This video is from 1981. The interview is also the subject of Feynman's book The Pleasure of Finding Things Out.

I have a friend who's an artist and he's some times taken a view which I don't agree with very well. He'll hold up a flower and say, "look how beautiful it is," and I'll agree, I think. And he says, "you see, I as an artist can see how beautiful this is, but you as a scientist, oh, take this all apart and it becomes a dull thing." And I think he's kind of nutty.

First of all, the beauty that he sees is available to other people and to me, too, I believe, although I might not be quite as refined aesthetically as he is. But I can appreciate the beauty of a flower.

At the same time, I see much more about the flower that he sees. I could imagine the cells in there, the complicated actions inside which also have a beauty. I mean, it's not just beauty at this dimension of one centimeter: there is also beauty at a smaller dimension, the inner structure... also the processes.
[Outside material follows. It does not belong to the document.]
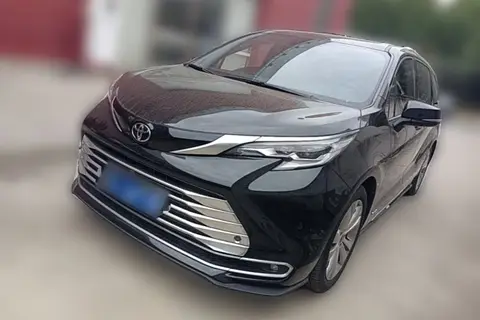 Toyota SIENNA 2024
The fact that the colors in the flower are evolved in order to attract insects to pollinate it is interesting - it means that insects can see the color.

It adds a question - does this aesthetic sense also exist in the lower forms that are... why is it aesthetic, all kinds of interesting questions which a science knowledge only adds to the excitement and mystery and the awe of a flower.

It only adds. I don't understand how it subtracts.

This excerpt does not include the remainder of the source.